Outsiders may assume that seriously religious colleges inculcate a narrow view of life and of religion. But The Guy observes that good liberal arts education, as much or even more at a religious school than today's secularized campuses, does not wall off students from a broad outlook. Moreover, the best way to understand any and all religions is immersion in a specific believing community, whether through education or personal experience.
It figures that a Wheaton graduate will comprehend the influence of religion on individuals and societies with sophistication. Whatever their private beliefs, nobody can claim these Wheaton alums show religious favoritism. If anything, they're more likely to lift rocks on evangelical embarrassments thanks to good sources.
Perhaps employers in the East Coast cultural bubble have come to realize that evangelicalism is the nation's largest and most dynamic religious sector, and that "Wheaties" are well-equipped to interpret its vast complexities. Just so, the media scouted for writers of Catholic background during the Second Vatican Council e.g. John Cogley at the Times, writer John Elson and Rome correspondent Robert Kaiser at Time and Kenneth Woodward at Newsweek.

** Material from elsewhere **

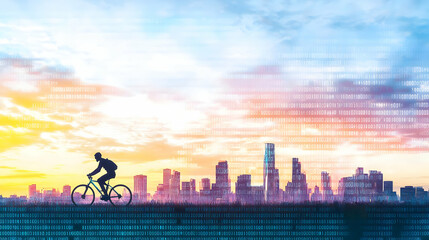 Silhouette Cyclist Sunset Cityscape Digital Background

Career paths: Bailey, part of Indiana's Pulliam newspaper clan, was a college communications major who credits her experience as the editor of the weekly student newspaper, The Record. Her varied employers have included newspapers, Christianity Today (as its online honcho) and Religion News Service. Oh, yes, she was also a GetReligion contributor for several years (as was her brother Daniel). Known for investigative scoops on evangelicals, she told Wheaton magazine the reporter's "golden rule" does not require softly positive coverage but "truth-telling" and fairness toward all. Her own favorite 2020 article on October 26 depicted the Trump era's "patriot churches." Bailey articles listed here.
Graham was editor of Wheaton's student literary magazine, Kodon, instead of The Record, and a polilical science major. She developed into an industrious freelance before landing on the Slate.com staff. Colleague Bobby Ross lists her February 27 piece for Slate among the year's best. It depicted small-town Georgia and a supposedly miraculous Bible that oozed oil. Shunning snark, Graham told Wheaton magazine that she sought to have readers draw their own conclusions from a truthful account "without mocking the real people who believe." Graham's Times articles listed here.
Dias, a college theology major, then earned an M.Div. at Princeton Theological Seminary, where she edited the theology journal. After Wheaton she landed a Time internship and later joined the magazine and developed a religion specialization. Though immersed in 2020 politics (alas our media are sorely tempted to cover religion-and-politics much more than the religious aspects of religion), Dias concluded the year with an unusual December 20 mood piece cum big photo spread. It portrayed people of assorted philosophies coping with COVID gloom. Dias articles listed here.
The Guy should at least mention their competitor Emma Green, a 2012 graduate of another religious campus, Georgetown University. She was hired by the venerable Atlantic magazine and TheAtlantic.com in 2015 and covers "politics, policy and religion." Like each of the Wheaton trio, Green is a Religion News Association award-winner. Green articles listed here.
Wheaton magazine also cited Walter Ratliff (M.A., '94), a video content manager with The Associated Press in Washington. He likewise won Religion News Association awards in 2016 and 2018 for producing documentaries on religious themes. Ratliff's dissertation for a 2018 DLS degree at Georgetown produced his book "Between Faith and Power" about evangelicals' global religious freedom activism.